The Applicant has noted that, depending on the assembly of the control device on the handlebars or on the bicycle frame, the actuation of buttons arranged on a same face necessarily requires, in a first scenario, the thumb to be continually moved between one button and the other according to the command that is to be imparted, or, in a second scenario, the commands to be imparted through the aid of two of the remaining fingers of one's hand.
The Applicant has found drawbacks associated with both scenarios: in case the actuation takes place by just the thumb, it is necessary to continually reposition the thumb, so that it is able to actuate the correct button each time, in this way introducing delays and imprecisions in actuation; in the scenario in which the actuation takes place through the remaining fingers of one's hand, conversely, there is a loss of the efficiency of actuation known to be associated with the thumb.

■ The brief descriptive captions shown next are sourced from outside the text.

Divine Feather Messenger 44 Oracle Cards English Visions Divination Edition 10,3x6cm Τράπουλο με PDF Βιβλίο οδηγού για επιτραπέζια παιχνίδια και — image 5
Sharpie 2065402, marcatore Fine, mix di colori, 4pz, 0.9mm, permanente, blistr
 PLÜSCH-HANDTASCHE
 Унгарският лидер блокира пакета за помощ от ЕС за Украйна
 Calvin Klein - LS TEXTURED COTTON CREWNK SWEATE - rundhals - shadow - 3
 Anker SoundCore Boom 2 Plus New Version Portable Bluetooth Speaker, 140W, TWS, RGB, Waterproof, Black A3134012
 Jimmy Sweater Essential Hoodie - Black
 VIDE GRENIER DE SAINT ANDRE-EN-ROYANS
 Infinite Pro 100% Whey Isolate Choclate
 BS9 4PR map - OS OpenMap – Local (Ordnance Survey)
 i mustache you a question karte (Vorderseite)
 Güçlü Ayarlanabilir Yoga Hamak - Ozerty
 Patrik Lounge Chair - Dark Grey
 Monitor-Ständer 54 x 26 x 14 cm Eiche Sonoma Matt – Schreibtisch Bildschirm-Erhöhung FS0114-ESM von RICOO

Other embodiments of control devices of bicycle electronic systems provide for buttons arranged on opposite faces, therefore able to be actuated using the index finger and the thumb.
However, the buttons of such devices are generally located in a same position in the respective face of the casing, therefore actually arranged in a corresponding position with each other.
The Applicant has noted that the actuation of buttons thus arranged is however not very convenient, in particular due to the substantial difference in length of the fingers used for actuation, which does not make it easy to operate in opposite points corresponding to one another.
Furthermore, in currently used bicycle control devices, the manual actuation axis of the button coincides with the actuation axis of the electronic switch actuated by the button.
The Applicant has found that satisfying this structural requirement brings about particularly strict design restrictions that do not allow optimization of layout, overall requiring greater bulk.
Last but not least, in known control devices of a bicycle electronic system, the buttons are generally constrained to the casing through the use of pins passing through slots, which allow the button to move by rotating by a small amount between its rest position and the switch actuation position.
The Applicant has noted that such a solution of constraint between the buttons and the casing takes long assembly times, lengthening the time needed overall to make and manufacture the control devices.
The problem at the basis of the invention is to avoid the aforementioned drawbacks, in particular providing a control device of a bicycle electronic system that does not require the use of multiple connection cables to be positioned at the handlebars, and at the same time ensures operating reliability.